── Given data
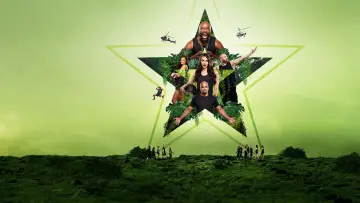 Zasłona к сериалу "The Challenge: All Stars" #1484017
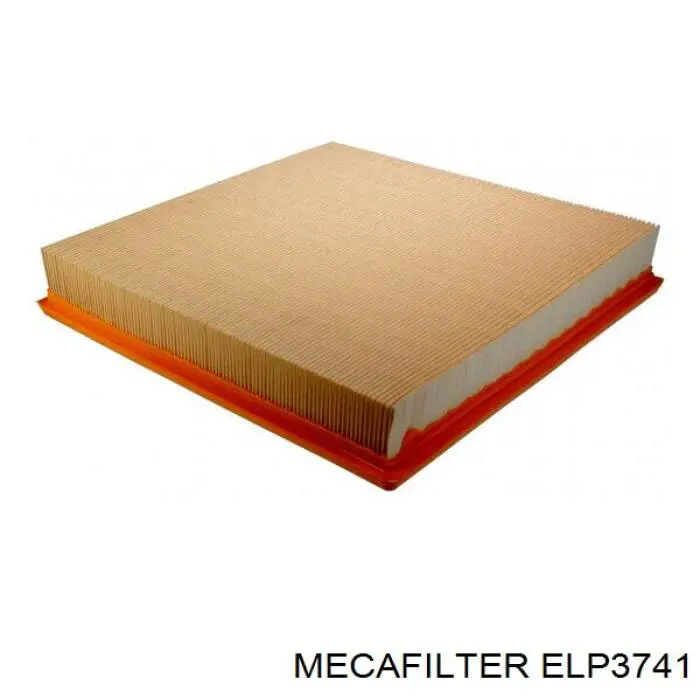 Элемент воздушного фильтра Mecafilter ELP3741 цена, от 10.94 USD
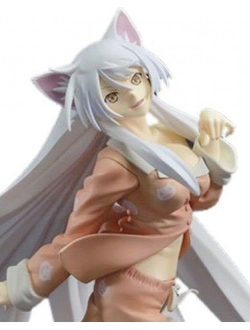 Фигурка Чёрная Ханэкава (Black Hanekawa)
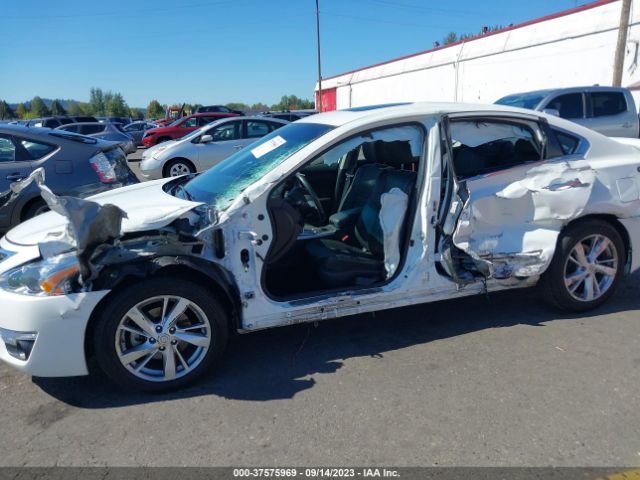 1N4AL3AP2FC447872 Nissan Altima 2.5 Sl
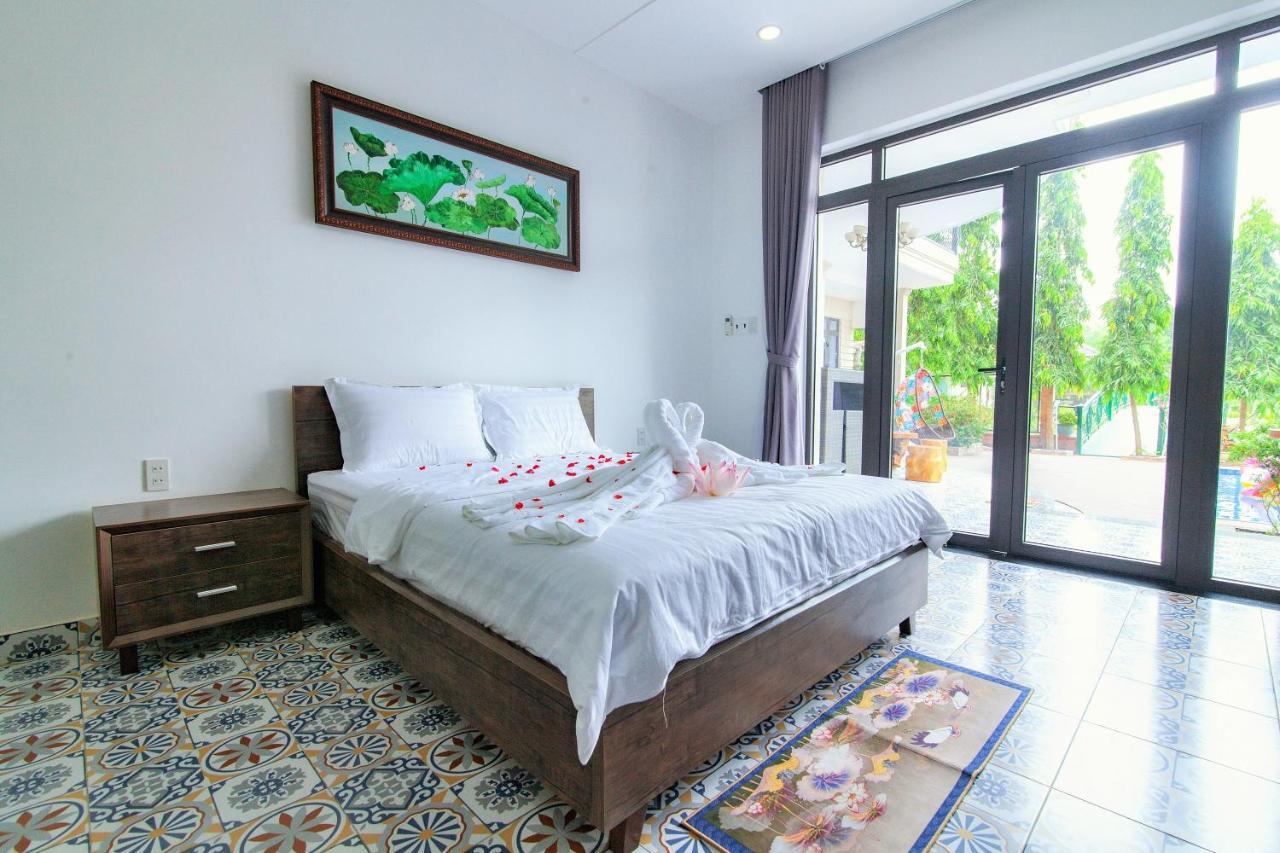 Khu Nghi Duong Huong Sen - Binh My, Cu Chi Otel Ho Şi Min Dış mekan fotoğraf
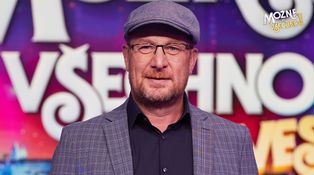 Martin Pechlát má krásnou tradici. O Vánocích nesmí chybět rodinná fotografie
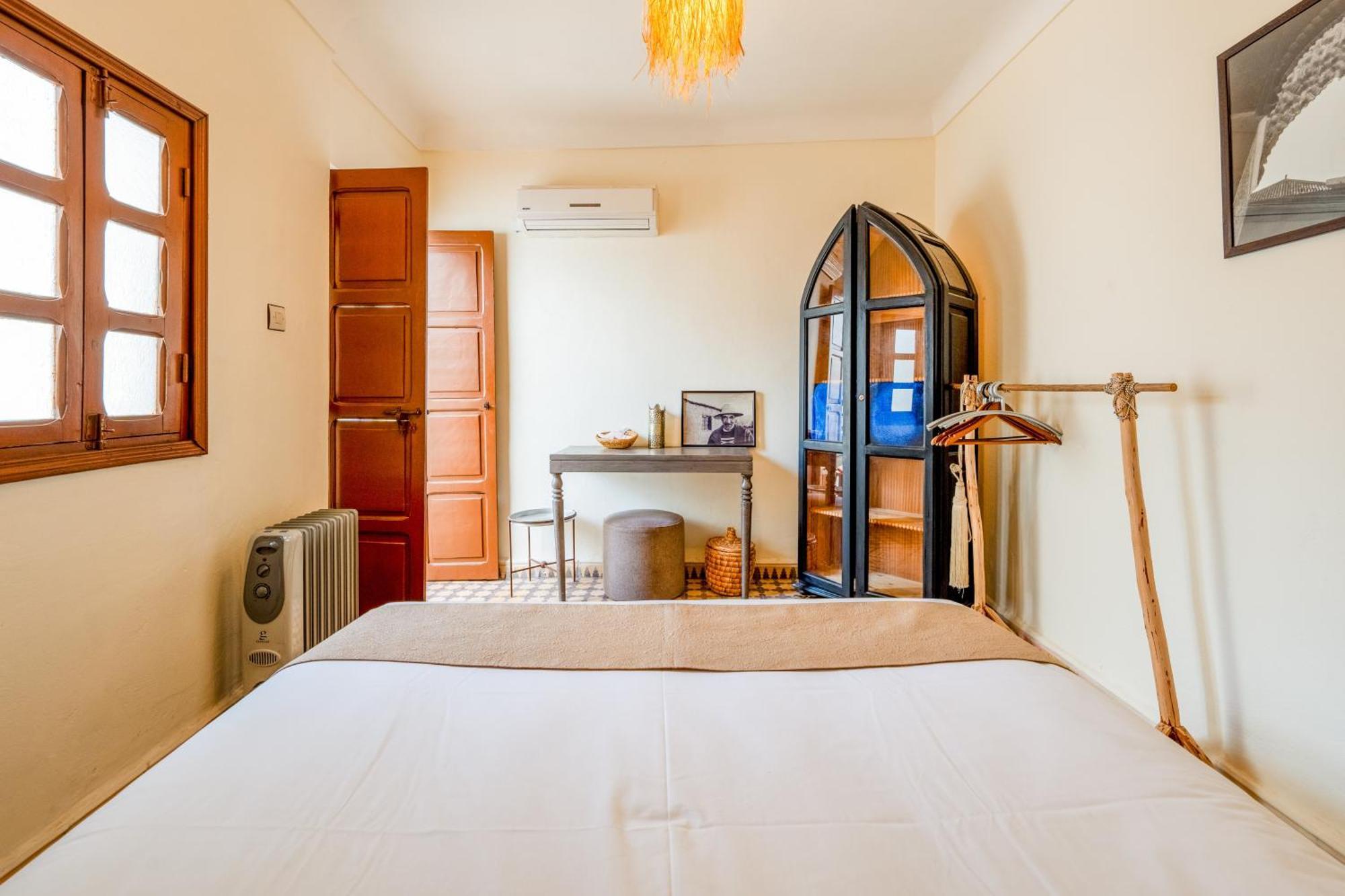 Ferienhaus Prive - 5 Minuts From Jamaa Fnaa Square & Souks - Marrakech *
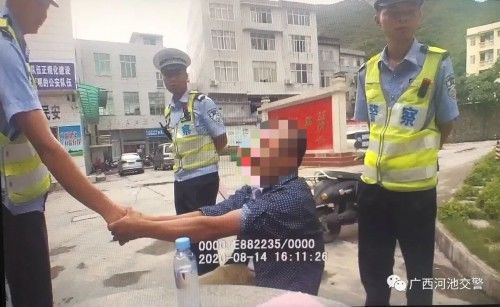  交警|男子酒驾被抓，怼交警： “我有钱！你想要多少直说”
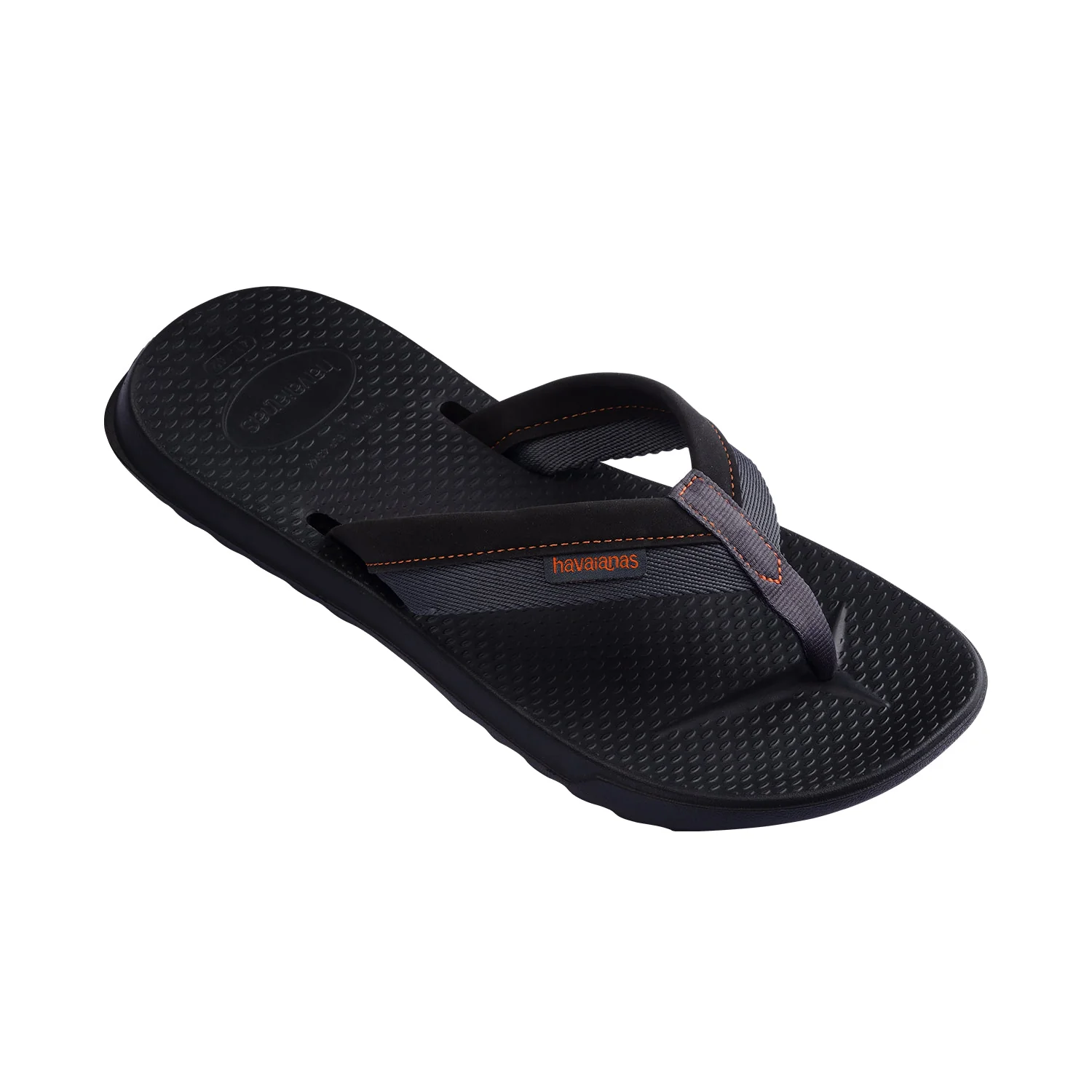 Havaianas Track Plus Graphite/Graphite/Black - Image 2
────
Exercise brief:
Transcribe every line in the entries above, taking out only the images.

Response to this exercise:
 Zasłona к сериалу "The Challenge: All Stars" #1484017
 Элемент воздушного фильтра Mecafilter ELP3741 цена, от 10.94 USD
 Фигурка Чёрная Ханэкава (Black Hanekawa)
 1N4AL3AP2FC447872 Nissan Altima 2.5 Sl
 Khu Nghi Duong Huong Sen - Binh My, Cu Chi Otel Ho Şi Min Dış mekan fotoğraf
 Martin Pechlát má krásnou tradici. O Vánocích nesmí chybět rodinná fotografie
 Ferienhaus Prive - 5 Minuts From Jamaa Fnaa Square & Souks - Marrakech *
  交警|男子酒驾被抓，怼交警： “我有钱！你想要多少直说”
 Havaianas Track Plus Graphite/Graphite/Black - Image 2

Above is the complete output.